The Pale Emperor
‚Cannot say I’m breaking the rules / if I can glue ‚em back together‘
– Warship My Wreck
Immer dann, wenn Marilyn Manson im Begriff ist, ein neues Album zu veröffentlichen, fällt er im Vorfeld durch windige Zwischentöne auf. Er sei das fleischgewordene Chaos, ließ er dieses Mal verlauten. Außerdem habe er den Grunge erfunden. Dann noch diese anrüchige, verdächtig pünktlich publik gewordene Verwicklung mit Lana del Rey. Bereitwillige Pläuschchen über die sexuellen Vorl(i)eben. Wiedergeburt, Comeback, Auferstehung – auch solches Vokabular liegt aus unerfindlichen Gründen mit jeder neuen Veröffentlichung griffbereit auf dem Tisch. Dabei sind die Zeiten, zu denen sich der God of Fuck mit jedem neuen Album auch selbst neu erfand, doch ungefähr seit Mitte der 00er Jahre Geschichte. Und – mit Verlaub: Auch ein Brian Hugh Warner wird nur einmal Fleisch. Und dann irgendwann Staub.
Musikalisch rudert sich der Mephistopheles von Los Angeles alle Jahre wieder angestrengt in die Relevanz zurück, ohne dabei kritische Treffer auf sich zu ziehen, geschweige denn zu landen. Lediglich solide Werke nimmt man ihm nach den künstlerischen Heldentaten der Vergangenheit eben nicht mehr ohne Weiteres ab. Das könnte auch ‚The Pale Emperor‘ als einem für Manson-Verhältnisse doch recht bequem aufgezogenen Album zum Verhängnis werden.

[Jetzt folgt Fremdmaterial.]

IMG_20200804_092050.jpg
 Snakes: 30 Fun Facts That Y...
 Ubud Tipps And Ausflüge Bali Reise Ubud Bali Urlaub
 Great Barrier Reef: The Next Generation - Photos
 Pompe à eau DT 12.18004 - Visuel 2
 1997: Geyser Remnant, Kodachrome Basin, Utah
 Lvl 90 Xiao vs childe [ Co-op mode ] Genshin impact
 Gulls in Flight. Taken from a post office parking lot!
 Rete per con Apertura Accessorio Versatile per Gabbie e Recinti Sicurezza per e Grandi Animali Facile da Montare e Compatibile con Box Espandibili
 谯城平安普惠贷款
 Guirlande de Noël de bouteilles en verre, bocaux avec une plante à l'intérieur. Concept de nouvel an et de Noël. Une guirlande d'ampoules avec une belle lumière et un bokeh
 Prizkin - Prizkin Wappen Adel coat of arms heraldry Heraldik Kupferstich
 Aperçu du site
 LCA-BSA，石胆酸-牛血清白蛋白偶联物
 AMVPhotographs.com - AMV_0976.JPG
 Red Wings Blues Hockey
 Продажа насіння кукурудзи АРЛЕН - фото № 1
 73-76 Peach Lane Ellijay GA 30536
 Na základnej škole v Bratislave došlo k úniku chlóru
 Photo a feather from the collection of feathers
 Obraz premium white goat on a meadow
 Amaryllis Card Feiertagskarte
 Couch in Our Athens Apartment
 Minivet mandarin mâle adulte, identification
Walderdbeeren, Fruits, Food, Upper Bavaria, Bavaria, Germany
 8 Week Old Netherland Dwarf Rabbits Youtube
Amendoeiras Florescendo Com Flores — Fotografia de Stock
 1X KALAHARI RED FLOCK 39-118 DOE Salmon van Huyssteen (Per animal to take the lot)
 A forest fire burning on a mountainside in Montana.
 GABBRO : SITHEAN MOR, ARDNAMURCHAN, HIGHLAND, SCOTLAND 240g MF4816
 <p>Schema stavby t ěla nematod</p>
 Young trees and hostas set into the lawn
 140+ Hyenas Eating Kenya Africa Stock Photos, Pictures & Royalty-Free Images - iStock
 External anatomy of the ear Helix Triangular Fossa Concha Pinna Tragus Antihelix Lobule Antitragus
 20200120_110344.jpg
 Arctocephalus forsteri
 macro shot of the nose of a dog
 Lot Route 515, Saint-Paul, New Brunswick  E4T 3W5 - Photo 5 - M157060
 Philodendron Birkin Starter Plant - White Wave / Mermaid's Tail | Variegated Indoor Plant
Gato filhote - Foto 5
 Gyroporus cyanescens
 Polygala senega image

Die dämonischen Heuschreckenschwärme des Antichristen sind längst über alle Berge; der Beat hat sich zur gleichgeschalteten, züchtig durch die Tracks stapfenden Legion formiert. Und wenn im besten Stück der Platte, ‚Deep Six‘, der Bass dreckig flappert und die Leadgitarre jault, ist das zwar ziemlich lässiger Rock’n’Roll, hat aber mit dem, wofür wir Manson kennen und schätzen, wenig zu tun. Geblieben ist ein Organ so schrundig wie Schieferbruch, das einem wiederholt die Knie schlottern lässt. Abgesehen davon wirkt der Marilyn Manson von heute vergleichsweise träge, steifknochig, satt; seine dereinst messerscharfe Verbalakrobatik macht kalauernden Sagengestalten Platz:
‚You wanna know what Zeus said To Narcissus? / You’d better watch yourself!‘
Köstlich.
Ähnlich köstlich wie das Gelage (‚Third Day Of A Seven Day Binge‘), an dessen drittem Tag der Pale Emperor bluesige Bilanz zieht und dabei geflissentlich übergeht, wie die protokollarische Tafelrunde ihn außer Sichtweite des Thin White Duke platziert. Und in dessen dritter Minute es sich irgendwie auch schon ausserviert hat. ‚Slave Only Dreams To Be King‘ ist mangels Nachschub gar ungeniert genug, die ruhmreichen ‚The Beautiful People‘-Beats in der Mikrowelle zu recyceln. Der Umwelt zuliebe? Wohl kaum. Der Umwelt zuliebe hätte man ‚Cupid Carries A Gun‘, das in der Rolle des Theme-Songs der US-Serie ‚Salem‘ eine ungleich bessere Figur abgibt denn als unsinnig verwucherter Album-Track, besser entgeizt. Oder einfach mehr Stücke wie die fantastisch arrangierten ‚Warship My Wreck‘ und ‚Odds Of Even‘ ersonnen, von deren atmosphärischer Strahlkraft die gesamte LP zehrt.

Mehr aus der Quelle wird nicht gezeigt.